2024年は激動という表現が適切な一年であった半導体業界。さまざまな市場調査会社や機関などから、2025年の復調に期待がかかる。そんな2025年、半導体業界はどのような年になるのか、2024年の動きを踏まえて予想してみたい。

大きな変化が起こる日本市場

半導体は上流から下流までグローバルでビジネスが進展している産業であるが、その中でも2025年は日本市場が注目の1つとなると言える。

大きなポイントは2つ。1つ目は2nmプロセスの量産を目指すRapidus(ラピダス)の動向。2025年4月をめどに生産拠点「IIM-1」のクリーンルームの約半分のスペースに設置された製造装置群を活用したパイロットラインの稼働が開始する予定となっている。2027年の本格量産を前に、搬入したASMLのEUV露光装置「NXE:3800E」などを使って、実際に2nmプロセスの半導体が製造できるのかを判断するための重要なマイルストーンになる。

  • 2nm GAAプロセスを採用した300mmウェハ

    ラピダスとIBMが共同で試作した2nm GAAプロセスを採用した300mmウェハ (編集部撮影)

時期までは読み切れないが、同社に参画しているプロセスエンジニアたちの多くは、GAAは初めてながら、半導体の量産立ち上げという経験を長年にわたってその身で体験してきていることを踏まえれば、実際に2nmプロセスを用いた試作品の製造までは漕ぎつけられるものと思われる。
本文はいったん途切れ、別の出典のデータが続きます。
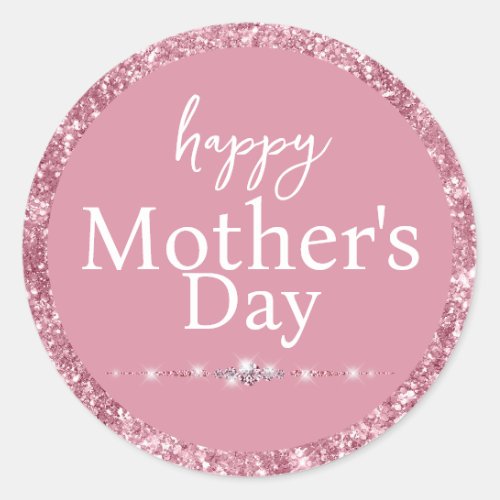 Happy Mothers Day Blush Pink Glitter Classic Round Sticker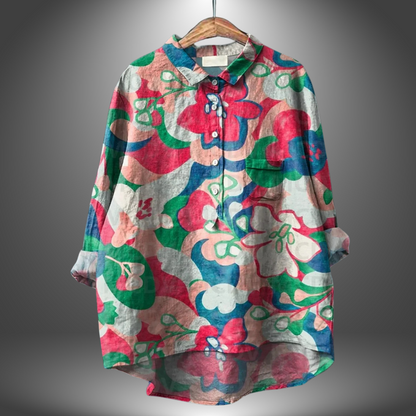 Virginia | Camisa floral artesanal para mujer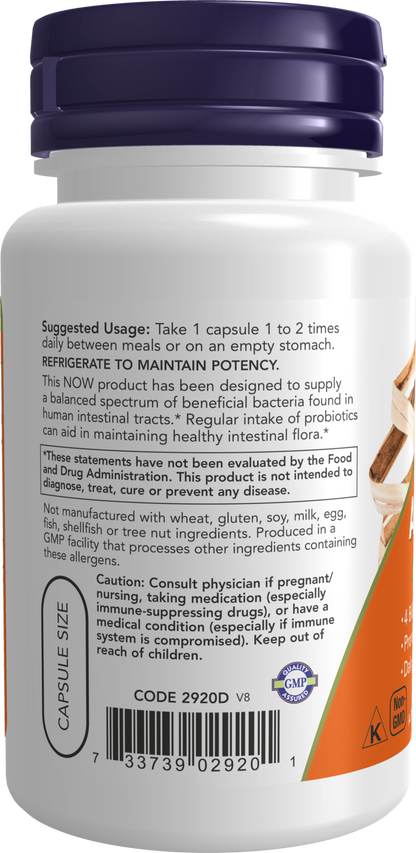 NOW Supplements, Acidophilus 4X6, 4 Billion Potency with 6 Probiotic Strains, Strain Verified, 60 Veg Capsules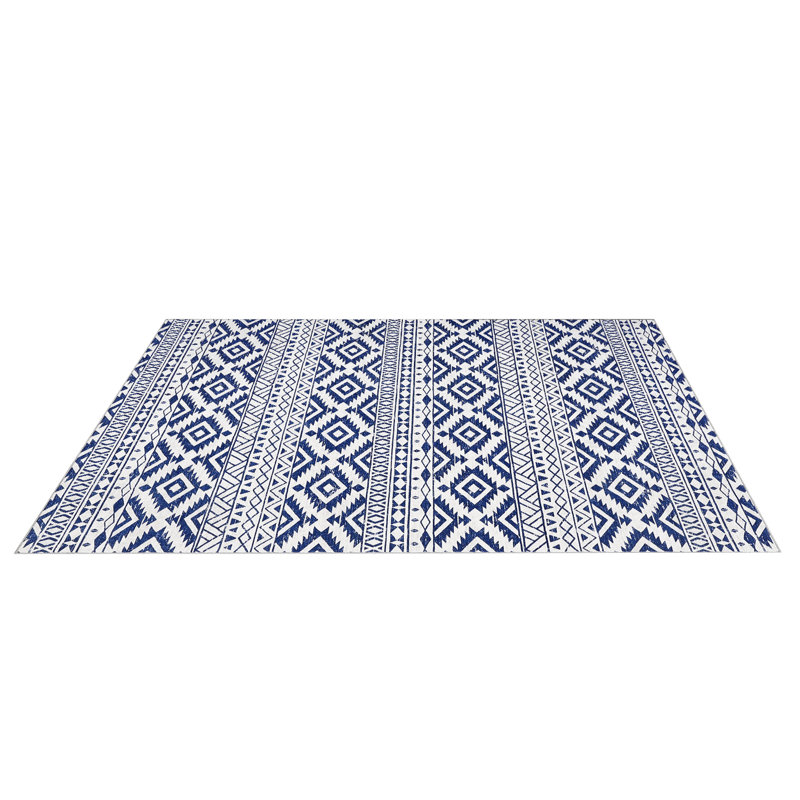 Washable Area Rug Boho Living Room Rug with Non Slip Backing Bedroom Carpet with Geometric Print Stain Resistant Low Pile Floor Mat Home Deco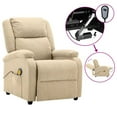 thumbnail image 1 of vidaXL Electric Massage Chair Cream Fabric, 1 of 5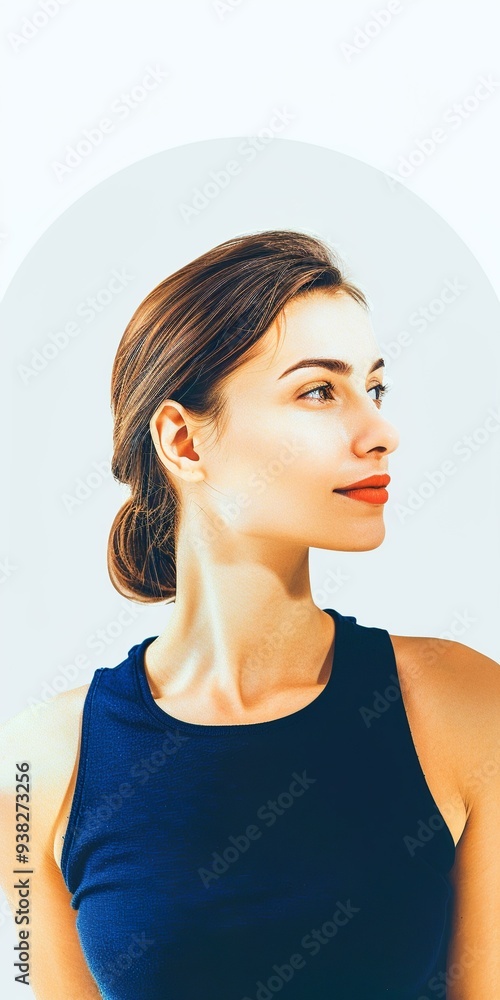 Sophisticated Woman with Hair Tied Back and Natural Makeup Sophisticated Woman with Hair Tied Back and Natural Makeup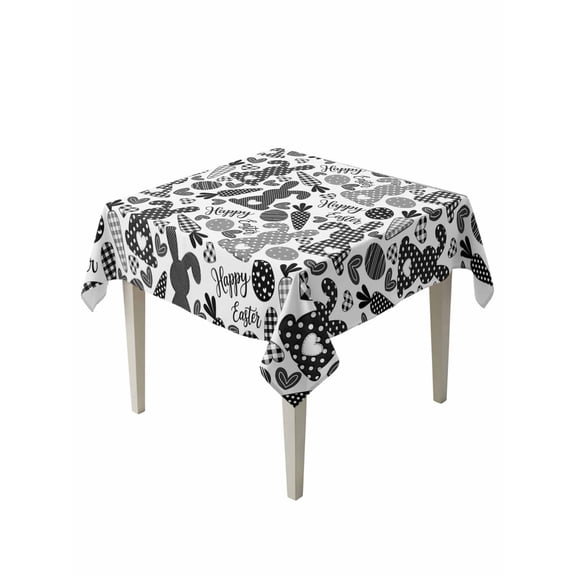 Happy Easter Suqare Tablecloth - 54 x 54 Inch, Rabbits Eggs Carrots Black Gray Plaid Waterproof & StainResistant Tablecloth, Washable Oil-proof Table Cover for Dining/Party/Wedding/Camping/Buffet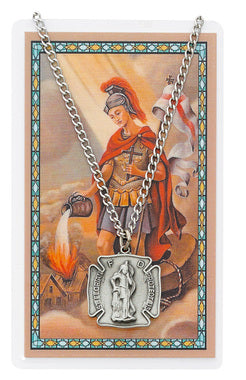 St Florian Firefighter Pendant and Holy Card Set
ただ、先端プロセスの場合、テープアウトしてから実際に生産ラインを通って製品として出てくるまでには数カ月単位の時間が必要であり、2027年の本格量産に向けて歩留まりを挙げていくためのプロセスチューニングや習熟度を高めるための時間は意外と少ないという部分が懸念点と言える。とはいえ、協力関係にあるSynopsysやCadence Design SystemsといったEDAベンダの最新の設計ツールではAIを活用して製造との最適化を図ることもできることを鑑みれば、ある程度の時間は要するが、一定以上のレベルに到達できる可能性もある。
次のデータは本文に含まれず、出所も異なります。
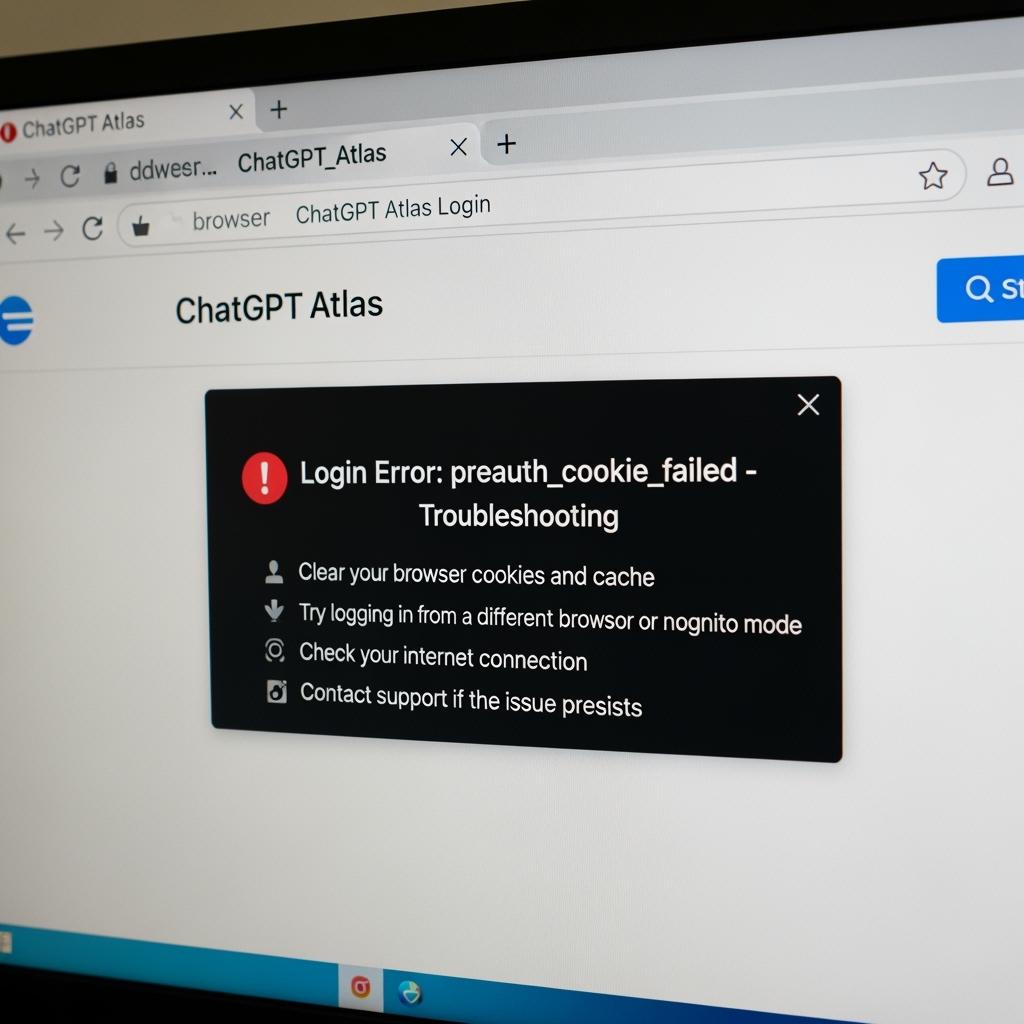 ChatGPT Atlas 浏览器登录报错 preauth_cookie_failed(409)完整解决方案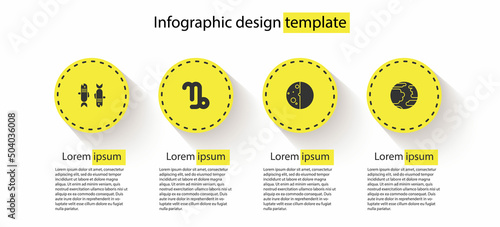 Set Pisces zodiac, Capricorn, Eclipse of the sun and Planet Mercury. Business infographic template. Vector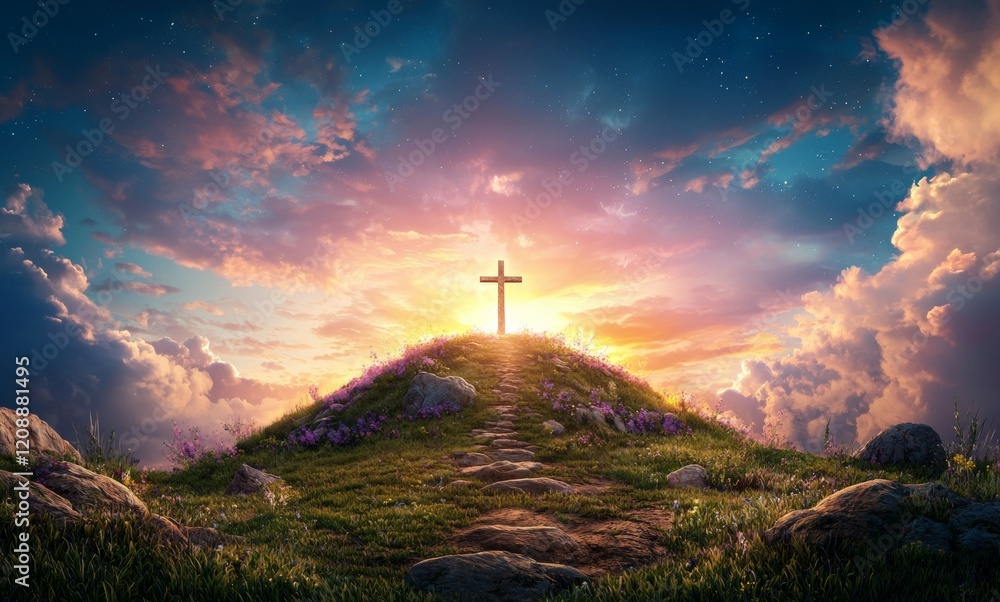 Poster cross is on top of a hill in a field with a sunset in the background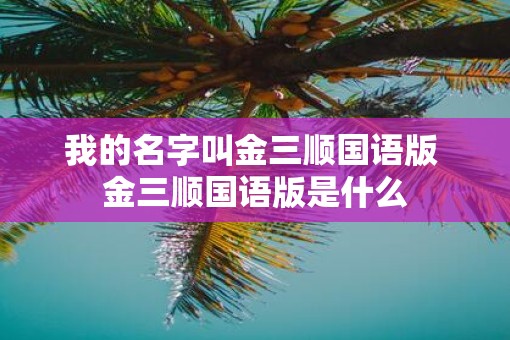 我的名字叫金三顺国语版 金三顺国语版是什么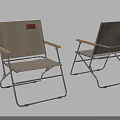 Modern Folding Leisure Chairs With Beige Fabric Seat And Metal Frame Armrests Red Label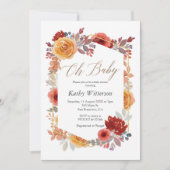 Marsala Floral Baby shower Uitnodiging (Voorkant)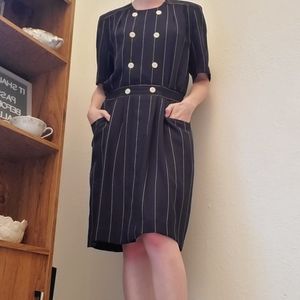 Nautical Double Breasted Drop Waist Dress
2つ目は2024年末より稼働を開始した熊本のJapan Advanced Semiconductor Manufacturing(JASM)の量産が本格化すること。第1工場は22/28nmおよび12/16nmプロセスを提供するが、ソニーセミコンダクタソリューションズのCMOSイメージセンサ向けロジック(26/22nm)や、12/16nmでの車載半導体などの製造をはじめとして、ファウンドリとしてさまざまな顧客からのニーズに対応していくこととなる。